WE have, I hope, disentangled the special function of the intellect in Religion; it is to explore Reality and make its home in it.  The object of this book is to suggest the way for those whose intellects have not till now done any serious exploring that the matters treated in this book cannot just be glanced over; they must be worked through.

The first thing necessary is to consider the intellect's equipment for an expedition so arduous. An intellect is not the property only of exceptionally gifted people, it is a piece of standard human equipment like a nose.  But the plain truth about most of us is that we have let our intellects sink into a condition in which they have neither the muscles nor the energy nor the right habits for the job, nor any effective inclination towards it.  

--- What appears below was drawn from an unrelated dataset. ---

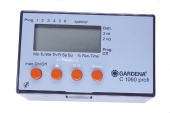 Control Component With Frame Control Component With Frame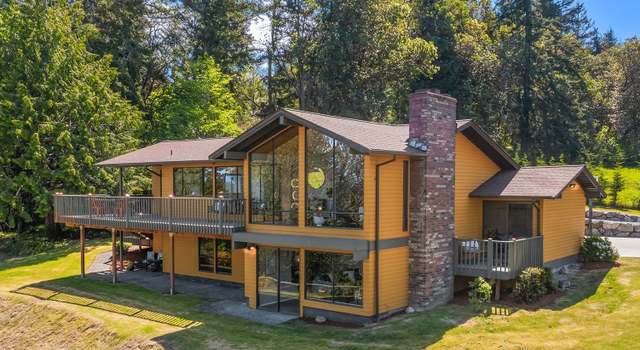 Photo of 23322 63rd Ave SW, Vashon, WA 98070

The first difficulty is that the intellect hates to function at all, at any rate beyond the point where functioning begins to require effort.  The result is that when any matter arises which is properly the job of the intellect, then either nothing gets done at all, or else the imagination leaps in and does it instead.  Nothing can be done with the intellect until imagination has been put firmly in its place, which is extraordinarily difficult.  One of the results of the Fall of Man is that imagination has got completely out of hand.

Consider what imagination is.  It is the power we have of making mental pictures of the material universe.  What our senses have experienced, can be reproduced by the imagination either as they originally came through our senses, or in any variety of new combinations.  A moment's reflection upon what life would be like if we lacked this power will show how valuable a part the imagination has to play; but it is a subordinate part and entirely limited to the world of matter.  What the senses cannot experience, the imagination cannot make pictures of.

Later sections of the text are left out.